The custom cable is made of 10 silver OFC wires; 8 for balanced(2.5mm) & 2 for earth(3.5mm) furutech plugs to pentaconn(4.4mm) connector. Running on 4 Panasonic Eneloop Pro rechargeable batteries (Japan Import).
Highly recommended. Best portable solution imho.




SP 1K CU + Mass Kobo 424 + Double Helix Cables ultrashort adapter male XLR to 2.5mm + Audeze Lcd i4 (balanced EA Horus). Output set to 0.7v in this pic. At 1.25v the volume pot remains from 7-8 o'clock.

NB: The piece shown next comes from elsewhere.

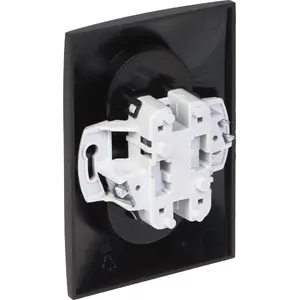 Double Electrical Socket ELEKTROPLAST SANTRA/4135-09/EPN 230V 16A — recessed power outlet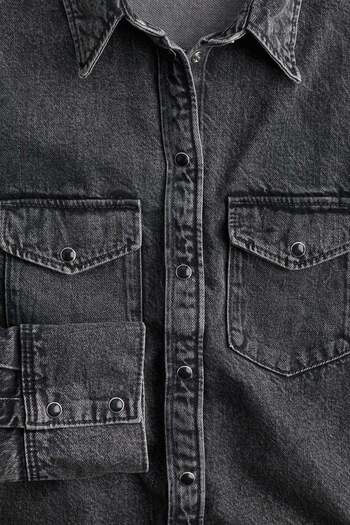 H&M Denim shirt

Adjustable output gain-changing switch









*
<Specifications> (Batt. 6V or USB 5V) 

Model: Full-Balanced Portable Stereo headphone amplifier 
Input: φ4.4 TRRS x 1 (balanced or unbalanced) 
Output: model424 XLR-4Pin model428 4.4 TRRS (balanced) , φ3.5 TRS (unbalanced) 
Maximum Input Level: +16dBm (balanced), +10dBm (unbalanced) 
Maximum Output Level (P-P): 7 V (balanced), 3.5V (unbalanced) (with 32Ω loaded, 1kHz, THD+N 0.5%) 
　　　　　　　　　　 (RMS): 2.3V (balanced) , 1.2 V (unbalanced) (with 32Ω loaded, 1kHz, THD+N 0.5%) 
Maximum Output without Distortion: 165mW (balanced), 45mW (unbalanced) (with 32Ω load, 1kHz, THD+N 0.5%) 
Frequency Characteristics: 20Hz - 20kHz (-1dB) 
Noise Level: Less than 40μV (in the minimum volume position, 32Ω loaded) Less than 150μV (in the maximum volume position, 32Ω loaded) 
Power Supply: AA Alkaline or rechargeable battery x 4
External Power Supply: Micro USB +5v 
Consumption Current: 0.19A (battery 6V, No signal) 0.21A (rechargeable battery, 4.8V No signal) 0.21A (USB 5V, No signal) 
　　　　　　　　　　 0.28A (battery 6V, 1/8 Output) 0.32 A(rechargeable battery, 4.8V, 1/8 output) 0.31A(USB 5V, 1/8 Output) 
　　　　　　　　　　 0.49A (battery 6V, Maximum Output) 0.61A (rechargeable battery), 4.8V, Maximum Output) 0.58A (USB 5V, Maximum Output) 
Size: 97mmW x 132mmD x 40mmH (not include protrusions)
Weight: model424 445g (with batteries), 387g (without batteries) 
　　　　model428 440g (with batteries), 382g (without batteries)*


----------



## zachchen1996

lithiumnk said:


> *Mass Kobo 424*. This has added a new dimension to sp 1000. This japanese custom made amp has left me startled. Its like i am listening to a new player with a beefy amp. The 3.5mm grounding connection has improved the SQ to a great extent. I have set line out to 1v/1.25v on sp1k. It has adjustable output gain-changing switch for dynamic/planar hp & highly sensitive BA. Drives my lcd i4 with authority. The dynamics, bass slam & transparency are insane with pitch black background, fast transients and deep soundstage. Throw any type of music at it. It excels in all departments imho.
> The custom cable is made of 10 silver OFC wires; 8 for balanced(2.5mm) & 2 for earth(3.5mm) furutech plugs to pentaconn(4.4mm) connector. Running on 4 Panasonic Eneloop Pro rechargeable batteries (Japan Import).
> Highly recommended. Best portable solution imho.
> 
> ...



Congratulations on your 424! I had the 404 and LOVED it but unfortunately sold it due to the gain being too high for the SE5 ultimate. 
If it's true that this new model works well with sensitive multi ba iems, I'll definitely have to put this on my buy list haha.


----------



## lithiumnk

zachchen1996 said:


> Congratulations on your 424! I had the 404 and LOVED it but unfortunately sold it due to the gain being too high for the SE5 ultimate.
> If it's true that this new model works well with sensitive multi ba iems, I'll definitely have to put this on my buy list haha.


Thank you.
Quoting masskobo website " *Both models are equipped with the same output gain-changing switch as the one used in model 406, our flagship model. **Now you can listen to all types of headphones and earphones, with both dynamic and balanced-armature drivers properly with a single amplifier."*
I hope it helps. 

Cheers


----------



## Zhanming057

If anyone is interested, I am thinking about letting go of my 404. Nothing wrong but I just sold my Utopia's, and I have a Model 394 which is now my go-to amp for the 1266 phi.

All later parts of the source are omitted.